Chemical and physical data
- Formula: C_{72}H_{100}CoN_{18}O_{17}P
- Molar mass: 1579.608 g·mol^{−1}
- InChI InChI=1S/C62H90N13O14P.C10H12N5O3.Co/c1-29-20-39-40(21-30(29)2)75(28-70-39)57-52(84)53(41(27-76)87-57)89-90(85,86)88-31(3)26-69-49(83)18-19-59(8)37(22-46(66)80)56-62(11)61(10,25-48(68)82)36(14-17-45(65)79)51(74-62)33(5)55-60(9,24-47(67)81)34(12-15-43(63)77)38(71-55)23-42-58(6,7)35(13-16-44(64)78)50(72-42)32(4)54(59)73-56;1-4-6(16)7(17)10(18-4)15-3-14-5-8(11)12-2-13-9(5)15;/h20-21,23,28,31,34-37,41,52-53,56-57,76,84H,12-19,22,24-27H2,1-11H3,(H15,63,64,65,66,67,68,69,71,72,73,74,77,78,79,80,81,82,83,85,86);2-4,6-7,10,16-17H,1H2,(H2,11,12,13);/q;;+2/p-2/t31?,34?,35?,36?,37?,41-,52-,53-,56?,57+,59?,60?,61?,62?;4-,6-,7-,10-;/m11./s1; Key:ZIHHMGTYZOSFRC-CXGXMSGESA-L;

= Adenosylcobalamin =

Biologically active form of vitamin B12

Adenosylcobalamin (AdoCbl), also known as coenzyme B_{12}, cobamamide, and dibencozide, is one of the biologically active forms of vitamin B_{12}.

Schematic diagram of the propionate metabolic pathway.
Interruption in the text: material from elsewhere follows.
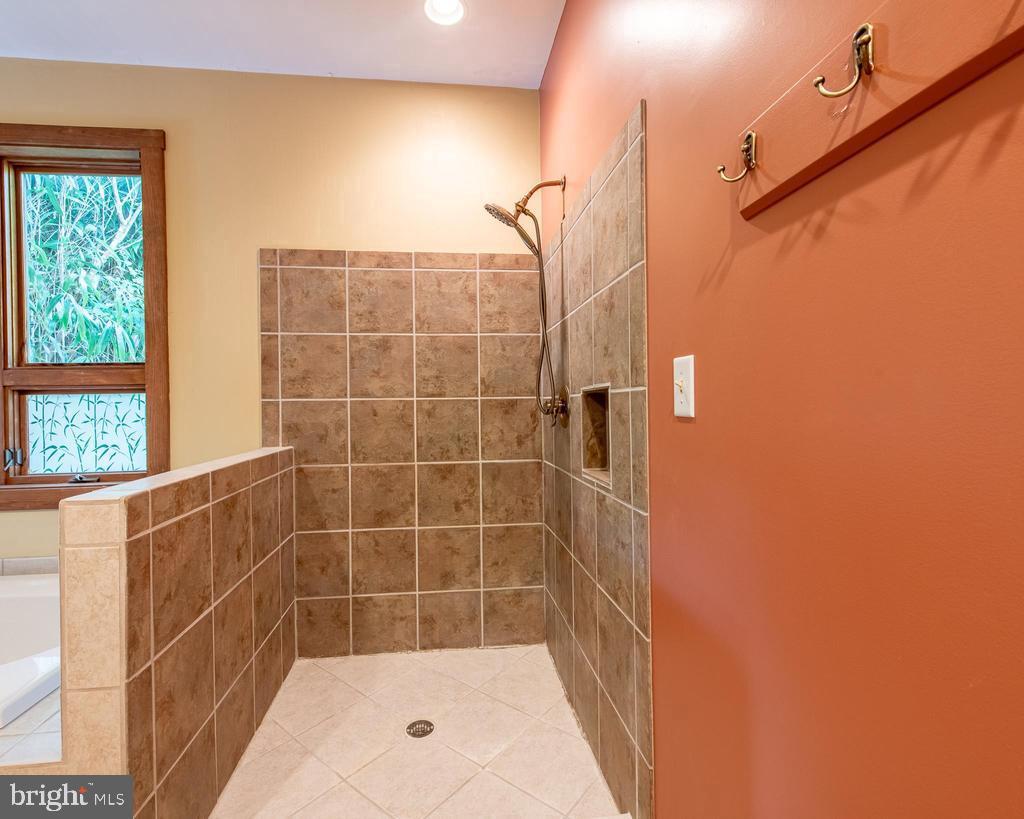 522 SAYLERS HILL DR, RICE, Virginia 23966, 3 Bedrooms Bedrooms, 7 Rooms Rooms,2 BathroomsBathrooms,Residential,For sale,522 SAYLERS HILL DR,VAPE2000090 MLS # VAPE2000090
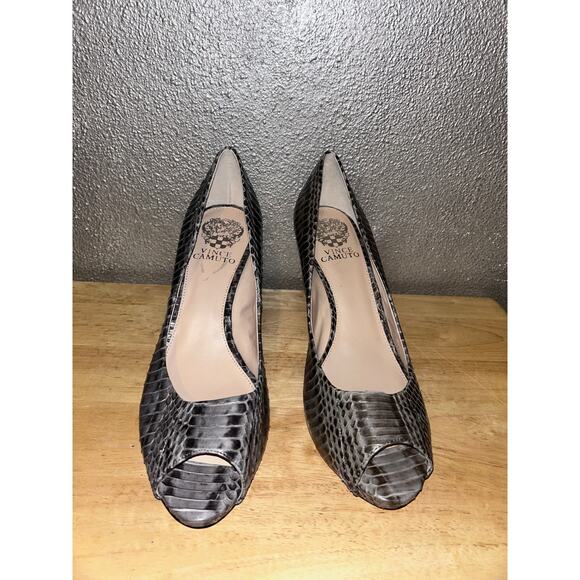 Vince Camuto Kiley Snake Print Peep Toe Heels Gray Black Size 9M 3.5” NWOB - Picture 2 of 13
Adenosylcobalamin is required as a coenzyme by the methylmalonyl-CoA mutase in order to convert L-methylmalonyl-CoA into succinyl-CoA, otherwise methylmalonic acid accumulates.

Adenosylcobalamin participates as a cofactor in radical-mediated 1,2-carbon skeleton rearrangements. These processes require the formation of the deoxyadenosyl radical through homolytic dissociation of the carbon-cobalt bond. This bond is exceptionally weak, with a bond dissociation energy of 31 kcal/mol, which is further lowered in the chemical environment of an enzyme active site. An enzyme that uses adenosylcobalamin as a coenzyme is methylmalonyl-CoA mutase (MCM).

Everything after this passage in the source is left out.